Making meaning is one of the most important things we do. For starters, it’s something we’re doing almost constantly. We swim in a sea of words. Every day, we hear and read tens of thousands of them. And somehow, for the most part, we understand them. Constantly, tirelessly, automatically, we make meaning. What’s perhaps most remarkable about it is that we hardly notice we’re doing anything at all. There are deep, rapid, complex operations afoot under the surface of the skull, and yet all we experience is seamless understanding.

Meaning is not only constant; it’s also critical. With language, we can communicate what we think and who we are. Without language, we would be isolated. We would have no fiction, no history, and no science. To understand how meaning works, then, is to understand part of what it is to be human.

And not just human, but uniquely human. No other animal can do what we can with language. Of course, parts of human language have homologues in other animals. People talk fast, and sentences can be extremely complicated, but zebra finches sing tunes that rival our speed and complexity. Humans can drone on and on, but even a filibustering senator doesn’t outlast humpback whales, whose songs can continue for hours. And although the human ability to combine words in new ways seems pretty unique, it’s seen on a more limited scale in bees, who dance messages to each other that combine information about the orientation, quality, and distance of food sources.

For all these reasons, language has held a privileged spot in science and philosophy throughout history. For centuries, philosophers have asked, what is it that we humans have that our tongue-tied relatives don’t? What cognitive capacities has evolution endowed us with that allow us to understand — and appreciate — sonnets and songs, exhortations and explanations, newspapers and novels?

But for the most part, we’ve failed to answer the most important question of all. Almost no one, from lay people to linguists, really knows how meaning works.

That is, until recently. This is the age of cognitive science. Using fine measures of reaction time, eye gaze, and hand movement, as well as brain imaging and other state-of-the-art tools, we’ve started to scrutinize humans in the act of communicating. We can now peer inside the mind and thereby put meaning in its rightful place at the center of the study of language and the mind. With these new tools, we’ve managed to catch a glimpse of meaning in action, and the result is revolutionary. The way meaning works is much richer, more complex, and more personal than we ever would have predicted.

The Traditional Theory of Meaning

The scientific study of meaning is still in its infancy. But even in the absence of solid empirical evidence, theories about how meaning works have developed and thrived. Over the years, most linguists, philosophers, and cognitive psychologists have come to settle on a particular story that probably isn’t so different from your intuitive sense of meaning. When you contemplate meaning in your daily life, it’s likely because you’re wondering (or perhaps arguing about) what a given word means. It might be a word in your own language: What does obdurate mean? (Stubbornly persistent in wrongdoing, in case you were wondering.) Or it could be a word in another language: What does the formidable German word Geschwindigkeitsbegrenzung mean? (Speed limit.) In general, you’re probably most aware of meaning when you’re thinking about definitions. This is also the starting point for the traditional theory of meaning: Words have meanings that are like definitions in your mind.

What would it be like if meaning worked this way?
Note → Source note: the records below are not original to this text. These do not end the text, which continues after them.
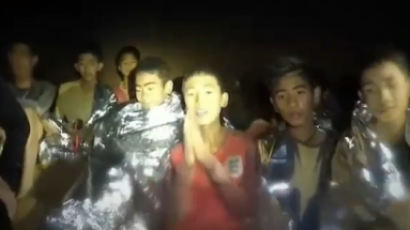 동굴에 갇힌 태국 소년들 구조 착수 “이르면 오늘밤 나와”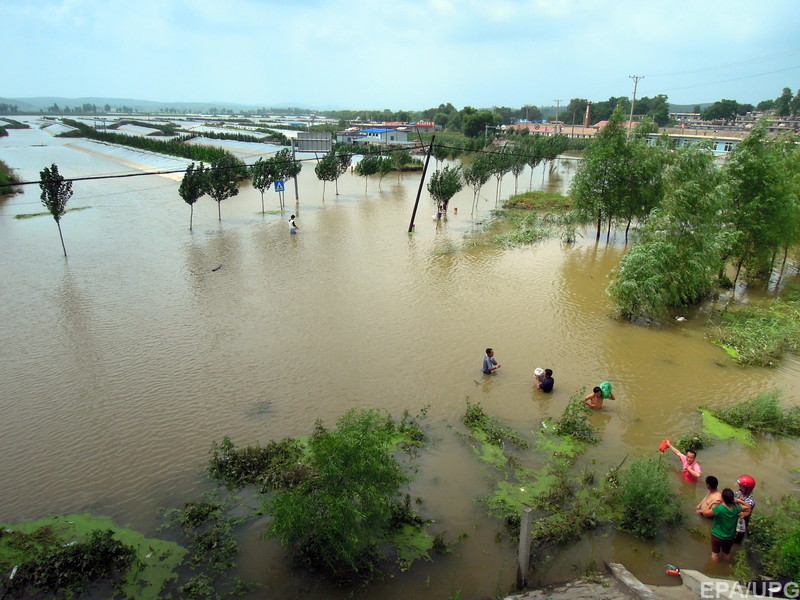 Мощный тайфун во Вьетнаме: уже 19 погибших, разрушены десятки домов 9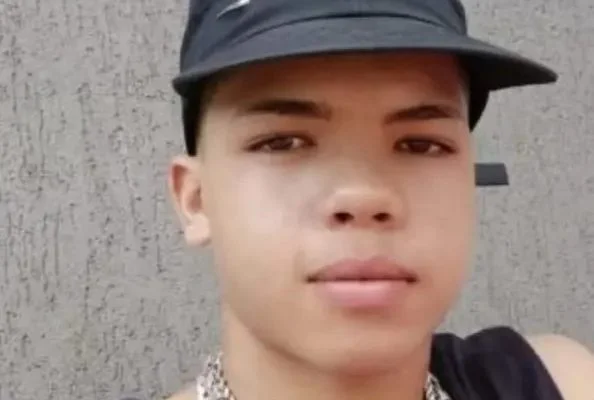 Jovem é executado a tiros enquanto jogava sinuca em tabacaria, em Maringá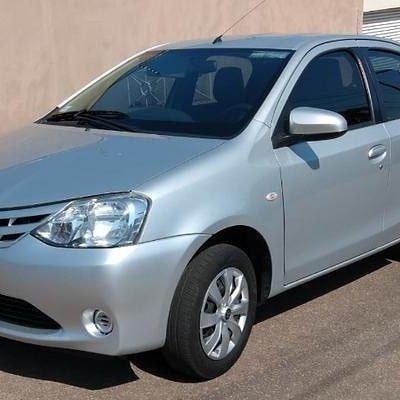 Toyota Etios sedã 1.5 Flex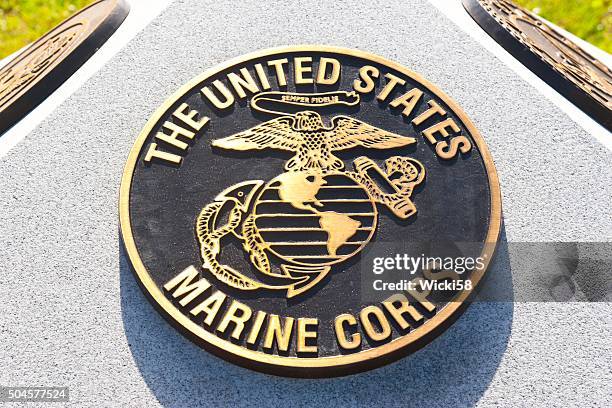 war memorial plaque united states marine corps - united states marine corps stockfoto's en -beelden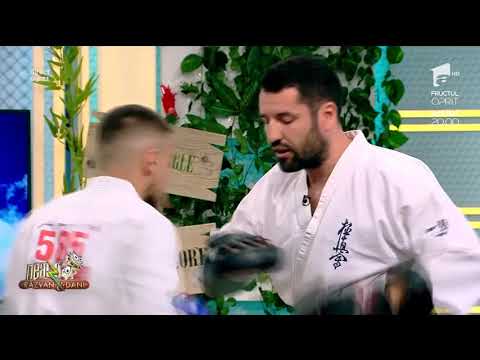 RAZVAN & DANI  Demonstrație de karate Kyokushin. De ce e bine să ne dăm copiii la arte martiale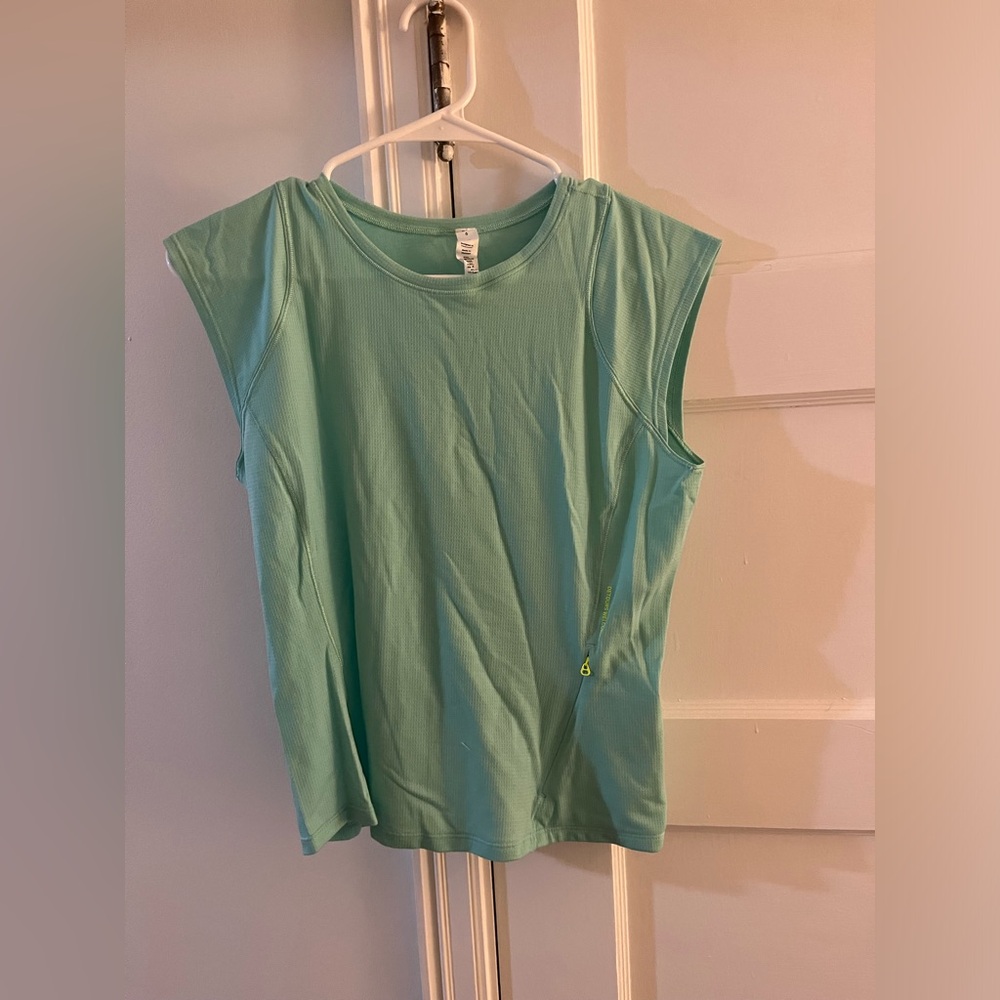 Lululemon top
When you think about it, a definitional meaning would need to have two distinct parts. The first is the definition itself. This is a description of what the word means. It’s articulated in a particular language, like English, and is supposed to be a usable characterization of the meaning. But there’s a second part, too, which is implicit. The definition characterizes something in the world. So speed limit refers to something that exists in real life, independent of your knowledge about it — whether you know that there’s a speed limit, or what it is, you can still get pulled over for driving faster than the number on the sign. So both the mental definition and the actual thing in the world that the word refers to are each critical parts of the meaning of a word.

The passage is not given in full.